Along with these situations being rare, they also haven’t worked very often. Of the nine previous attempts, only three were successful, but that is a small sample, and remember, many of the teams attempting these conversions were bad. But maybe it’s not too surprising that teams fail in these instances because the math doesn’t always favor being aggressive at that point in a game.
Take the percentages for the Raiders during Sunday’s game.
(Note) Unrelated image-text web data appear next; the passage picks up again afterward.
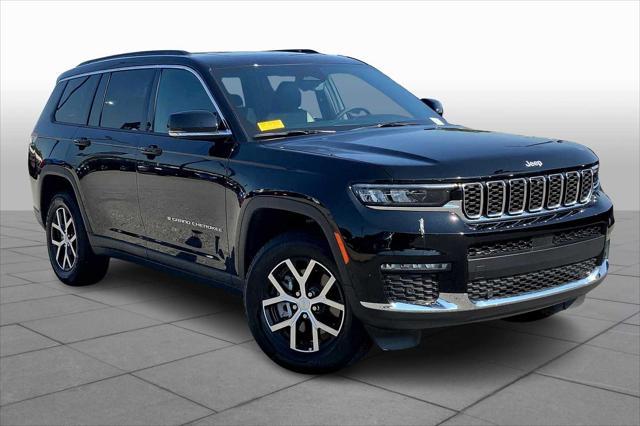 Photo of 2024 Diamond Black Crystal Pearlcoat Jeep Grand Cherokee L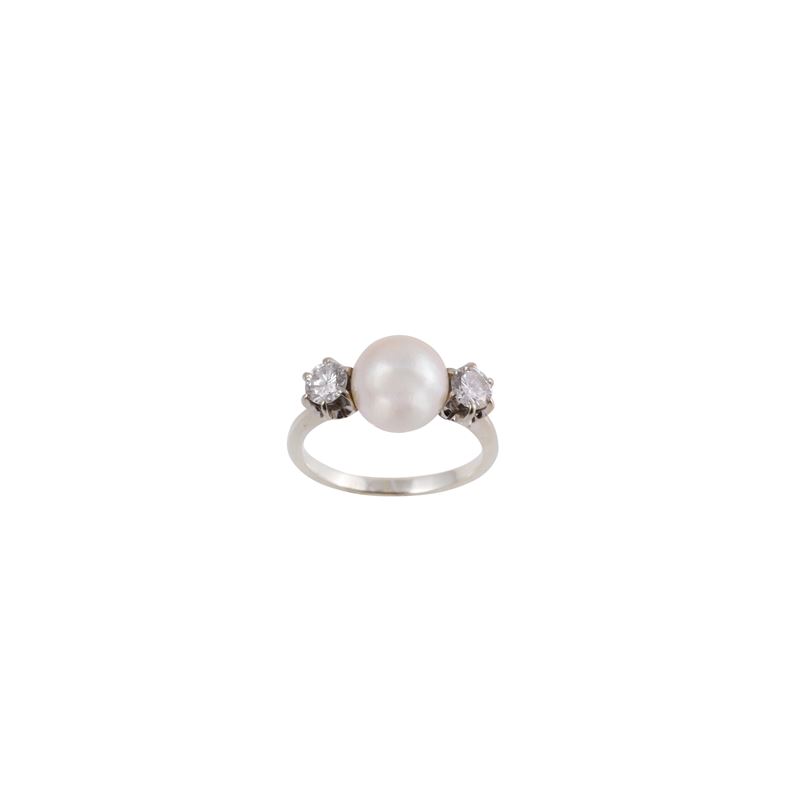 Anello in oro bianco con perla coltivata e brillanti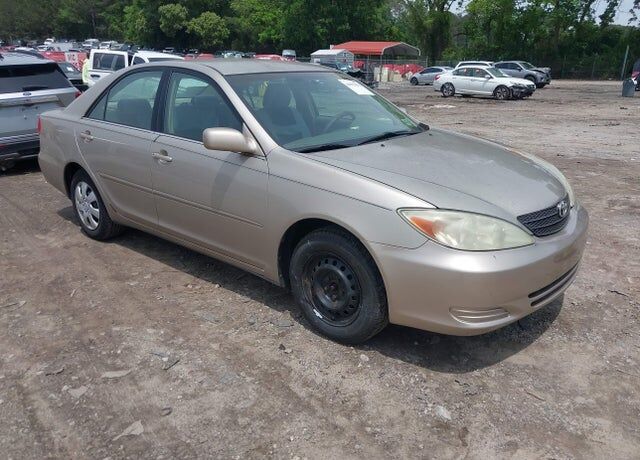 2004 TOYOTA Camry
Per numberFire Live, Oakland had a 46.08 percent chance of winning the game at the time of the touchdown.
Per our chief analyst Keith Goldner, the conversion jumped their odds to 80.46 percent, and tying it up with a field goal actually would have bumped their odds to 41.09 percent.
Failing to convert either and trailing by a point would have left them with a 4.26 percent chance to win, even with two timeouts and an onside kick chance.
In a vacuum and based on historic league averages, a team needs to convert the attempt about 47.5 percent of the time in order to break even with an assumption the extra point is successful 95 percent of the time.
Sunday’s game, though, wasn’t exactly average.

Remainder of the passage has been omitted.